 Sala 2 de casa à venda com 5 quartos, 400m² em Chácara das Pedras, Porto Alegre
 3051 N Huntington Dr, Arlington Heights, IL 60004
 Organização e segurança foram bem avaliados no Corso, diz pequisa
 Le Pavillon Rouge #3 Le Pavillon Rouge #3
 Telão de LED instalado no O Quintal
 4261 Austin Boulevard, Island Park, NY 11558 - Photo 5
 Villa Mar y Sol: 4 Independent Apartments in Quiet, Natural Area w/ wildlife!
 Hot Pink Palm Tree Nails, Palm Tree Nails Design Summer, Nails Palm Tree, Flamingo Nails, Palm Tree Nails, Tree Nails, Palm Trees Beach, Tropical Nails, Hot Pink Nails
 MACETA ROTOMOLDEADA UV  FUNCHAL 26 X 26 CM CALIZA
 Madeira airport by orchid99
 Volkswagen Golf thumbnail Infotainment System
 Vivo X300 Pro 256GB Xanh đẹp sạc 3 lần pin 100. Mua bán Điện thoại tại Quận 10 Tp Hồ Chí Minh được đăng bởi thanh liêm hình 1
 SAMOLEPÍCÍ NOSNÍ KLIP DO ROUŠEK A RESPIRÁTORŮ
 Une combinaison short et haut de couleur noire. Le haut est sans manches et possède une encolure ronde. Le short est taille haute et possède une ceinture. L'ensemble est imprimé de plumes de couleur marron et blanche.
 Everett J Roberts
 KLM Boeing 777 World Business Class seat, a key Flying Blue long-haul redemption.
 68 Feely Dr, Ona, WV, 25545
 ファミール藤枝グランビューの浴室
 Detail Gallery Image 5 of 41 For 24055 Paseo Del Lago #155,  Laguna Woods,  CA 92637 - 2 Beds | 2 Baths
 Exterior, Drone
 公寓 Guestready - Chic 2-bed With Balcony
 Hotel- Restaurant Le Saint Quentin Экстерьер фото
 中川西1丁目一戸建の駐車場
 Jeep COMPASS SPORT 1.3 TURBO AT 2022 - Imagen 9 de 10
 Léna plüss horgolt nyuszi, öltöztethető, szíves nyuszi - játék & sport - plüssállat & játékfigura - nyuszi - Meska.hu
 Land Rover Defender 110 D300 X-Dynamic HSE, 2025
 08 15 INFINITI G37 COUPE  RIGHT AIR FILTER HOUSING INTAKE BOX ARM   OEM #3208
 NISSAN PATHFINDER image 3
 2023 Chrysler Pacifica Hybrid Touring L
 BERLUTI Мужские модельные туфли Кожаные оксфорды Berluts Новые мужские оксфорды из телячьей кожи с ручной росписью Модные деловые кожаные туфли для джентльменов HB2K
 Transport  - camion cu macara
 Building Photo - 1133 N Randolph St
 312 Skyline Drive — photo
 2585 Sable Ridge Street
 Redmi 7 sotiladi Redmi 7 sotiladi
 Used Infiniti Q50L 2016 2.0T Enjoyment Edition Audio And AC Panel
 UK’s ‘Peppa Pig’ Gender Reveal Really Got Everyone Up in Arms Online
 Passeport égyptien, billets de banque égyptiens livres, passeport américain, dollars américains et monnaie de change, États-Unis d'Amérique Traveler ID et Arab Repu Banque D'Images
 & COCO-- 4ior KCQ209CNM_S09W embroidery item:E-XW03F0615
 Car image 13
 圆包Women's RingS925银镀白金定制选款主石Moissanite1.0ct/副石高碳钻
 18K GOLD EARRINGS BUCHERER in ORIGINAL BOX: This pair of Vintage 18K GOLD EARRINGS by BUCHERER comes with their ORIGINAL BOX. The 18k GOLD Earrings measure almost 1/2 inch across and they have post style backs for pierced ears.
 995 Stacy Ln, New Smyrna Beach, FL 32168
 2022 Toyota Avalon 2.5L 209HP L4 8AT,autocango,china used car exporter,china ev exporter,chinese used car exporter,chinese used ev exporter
____________________
Exercise brief: Copy all lines above containing the string "Beach".

Output for this exercise:
 Hot Pink Palm Tree Nails, Palm Tree Nails Design Summer, Nails Palm Tree, Flamingo Nails, Palm Tree Nails, Tree Nails, Palm Trees Beach, Tropical Nails, Hot Pink Nails
 995 Stacy Ln, New Smyrna Beach, FL 32168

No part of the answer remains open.